A World of One's Own | An Essay by Daniel Miyares

The author discusses his latest book and a reoccurring theme in his work.
  As I finished the art for my new picture book, Night Out (Random, May, 2018), it dawned on me that aloneness is a recurring theme in the stories I tell. I can’t even pretend to consciously orchestrate all that goes into creating a compelling picture book. I can only listen closely to my thoughts and feelings. I never set out to tackle that theme. You might say it found me. One of my favorite artists, Andrew Wyeth once said, “I think anything…which is contemplative, silent, shows a person alone—people always feel is sad. Is it because we've lost the art of being alone?” This quote made me wonder: Is there really an art to being alone? I soon came to realize that there is a distinct difference between being alone and being lonely.  When I was a child I had an older brother and plenty of kids in the neighborhood to run around with. I didn’t want for friends. But I did crave those quiet moments when I could be alone—when I could close my eyes, and in the darkness, imagine. Sometimes I would squint until only flickers of light—a passageway to something new—could pass my eyelashes, and I would make up stories about the shapes I saw.

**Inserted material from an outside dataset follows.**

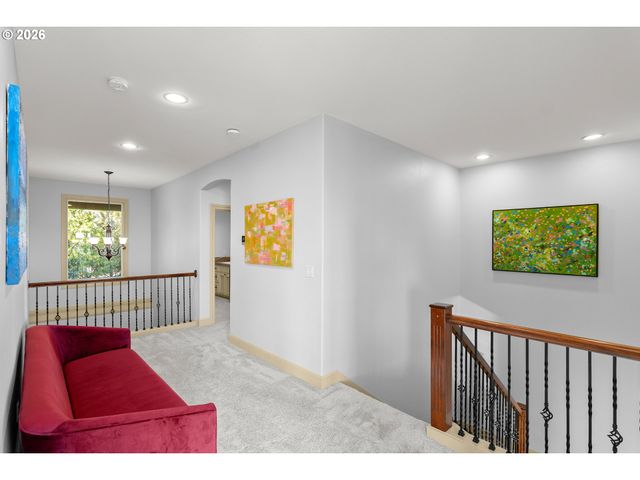 9618 Nw THOMPSON Rd, Portland, OR 97229
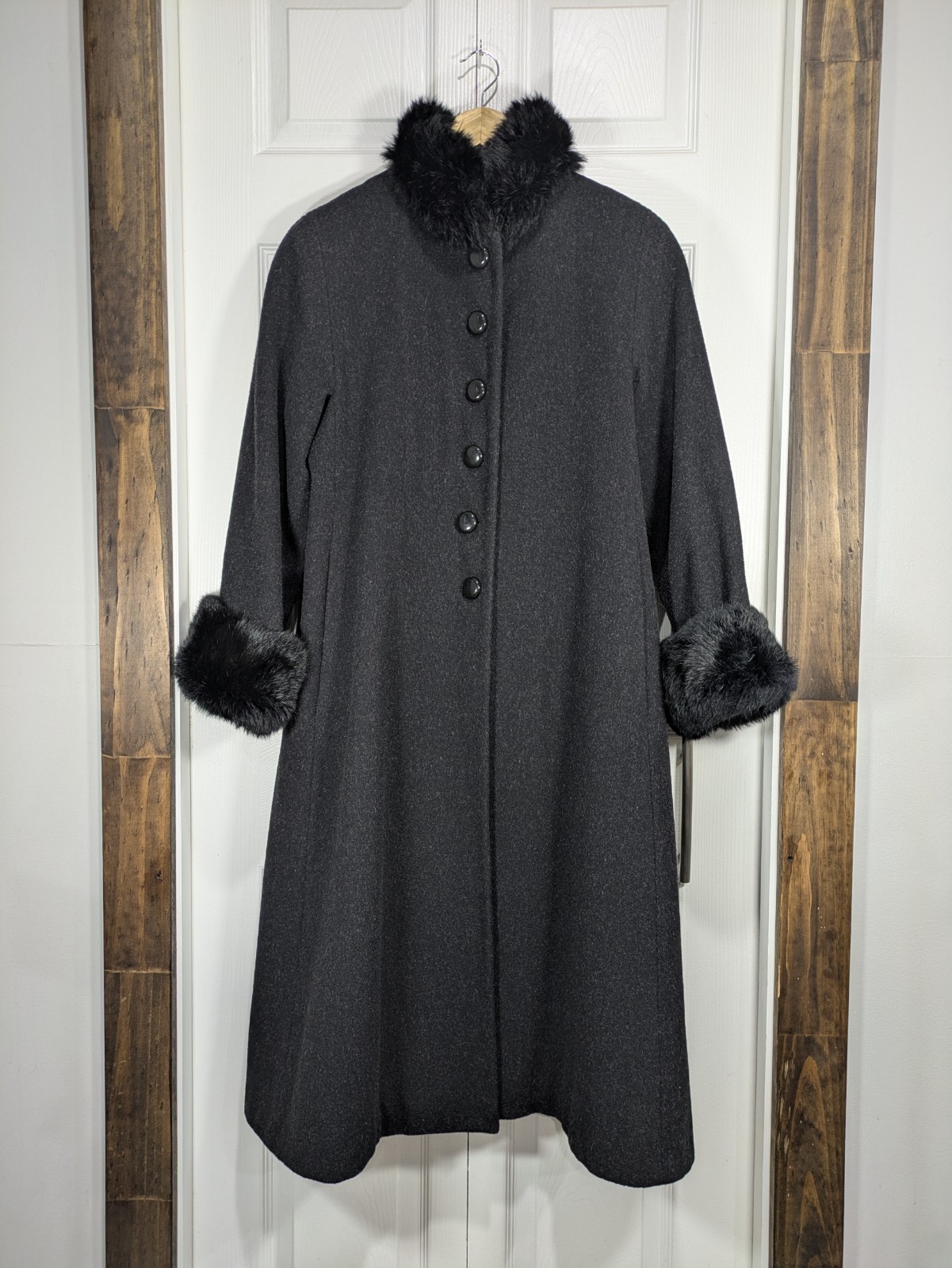 Vintage 1980s Donnybrook Wool Coat With Rabbit Trim – Heathered Charcoal Size 8P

Daniel Miyares at work Photo by Stella Miyares

And then, when I came back to reality, I would start to draw! (At four years old I had discovered that with a pencil, paper, and a portion of courage I could explore anything I wanted.) Drawing quickly became my escape, my truth teller, my shield, my praise-getter, my own private joy. As I grew older, I learned that one’s imagination is a vast, endless world that each of us, alone, has unlimited access to. Of course we can report back to others on what we see, but only we get to discover, firsthand, the wonders that live there. The words I write and the pictures I paint are my way of sharing all the places I’ve been. In Night Out I wanted to show a child literally gaining access to his imagination. The story begins with a young boy who has reluctantly found himself alone among others. But it is just this solitude that enables him to discover a small thing that others miss; he finds an invitation to venture into the unknown. And despite his fear and uncertainty, he ventures forth…. I like to think of Night Out as a letter of encouragement to those who are feeling lonely in the face of aloneness--my personal invitation to young readers and listeners to escape into the wonders of your imagination.